»»
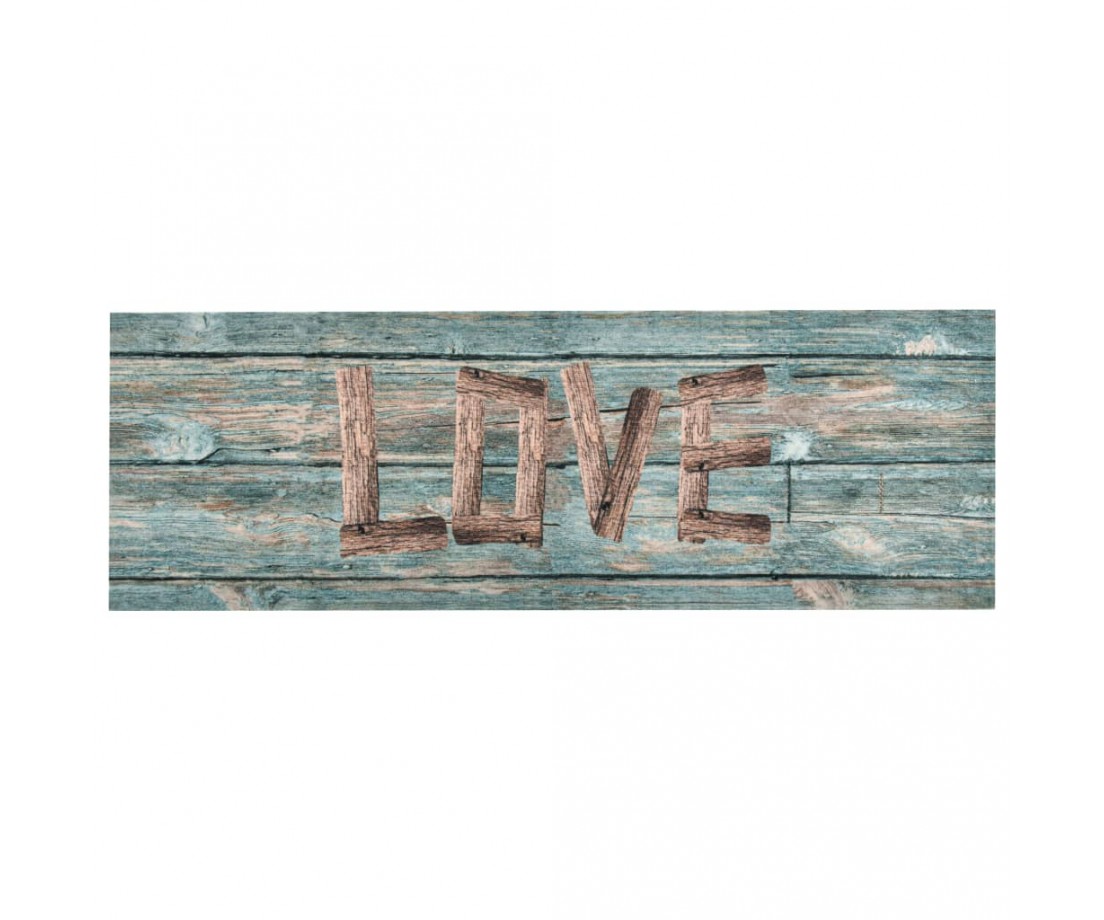 Virtuvės kilimas, 60x300cm, plaunamas, su užrašu Love - Durų, virtuvės kilimai - 1 Virtuvės kilimas, 60x300cm, plaunamas, su užrašu Love - Durų, virtuvės kilimai - 1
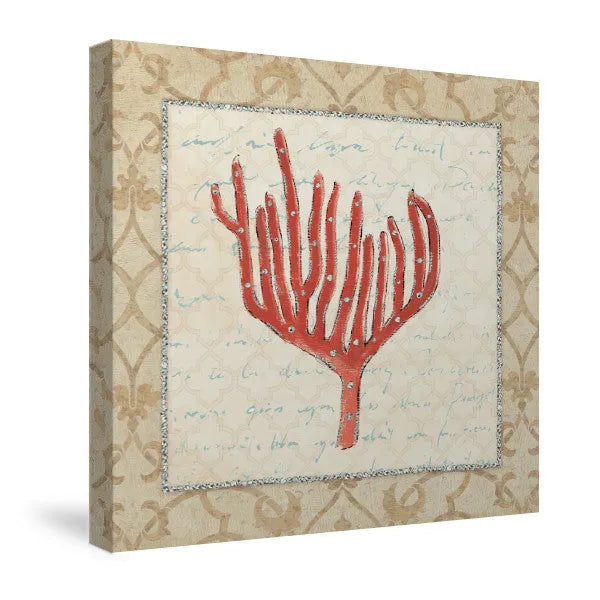 Coral Beauty Light IV Canvas Wall Art 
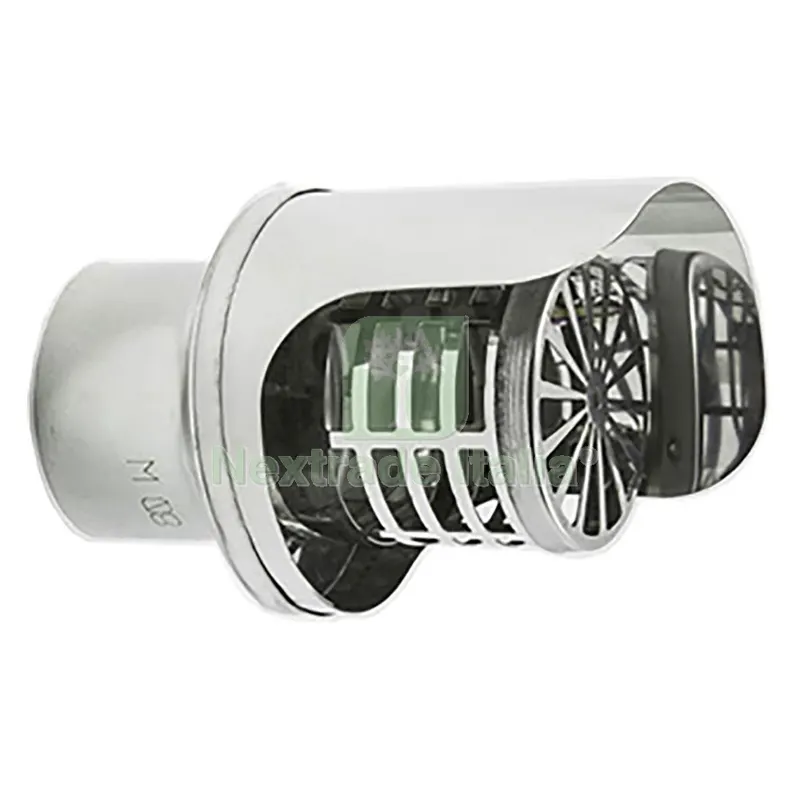 ESALATORE GRIGLIATO A CAPPELLO ø10 cm — Tubi e raccordi — rif. FERX.7019052NLM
««
Would you restate word for word only the lines from the one containing "Coral Beauty Light IV Canvas Wall Art" to the final line of the material, both ends included, without any pictures?

 Coral Beauty Light IV Canvas Wall Art 
 ESALATORE GRIGLIATO A CAPPELLO ø10 cm — Tubi e raccordi — rif. FERX.7019052NLM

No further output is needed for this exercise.